Originally posted by princeclassic
the "all in your head" thing works both ways

i'm pretty much a skeptic with most tweaks and most cables...

even if a tweak or cable made a noticeable difference, i might not notice it because i'm thinking in my head that i shouldn't be hearing anything...

at least it keeps me from spending money though


Excellent! (Starts washing brain...erm...brainwashing self...)
 
Oct 1, 2003 at 3:10 PM Post #17 of 51
Well it has to be said that at least the green-pen treatment has some sort of viable explanation for its (perceived) effects.

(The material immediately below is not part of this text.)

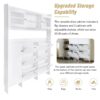 Multifunctional Tipping Bucket Shoe Cabinet With Storage Shelf & 6 Flip Drawers, Large Hall Tree With Tempered Glass Doors, Foyer Cabinet With 4 Hooks For Hallway - White - Image 9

But if you want true placebo induced insanity (or gullibility) then try the amber tweak:
http://www.1388.com/html/pavane.html
I really cannot for one second believe the reviews on that page...
 
Oct 1, 2003 at 4:03 PM Post #18 of 51
I use the Auric gel to clean my CDs and rental DVDs...I did use the black pen early on but got lazy. It's a bit messy sometimes and I don't know if the sonic benifits were that evident for me. However...it does make DVDs look and sound noticably better.

John
 
Oct 1, 2003 at 7:13 PM Post #19 of 51
I am always interested when someone who doesn't hear an effect calls the person who reports hearing a difference biased. Can't both be accused of bias? Maybe the person who doesn't hear the difference also has bad hearing, limited experience or poorer equipment.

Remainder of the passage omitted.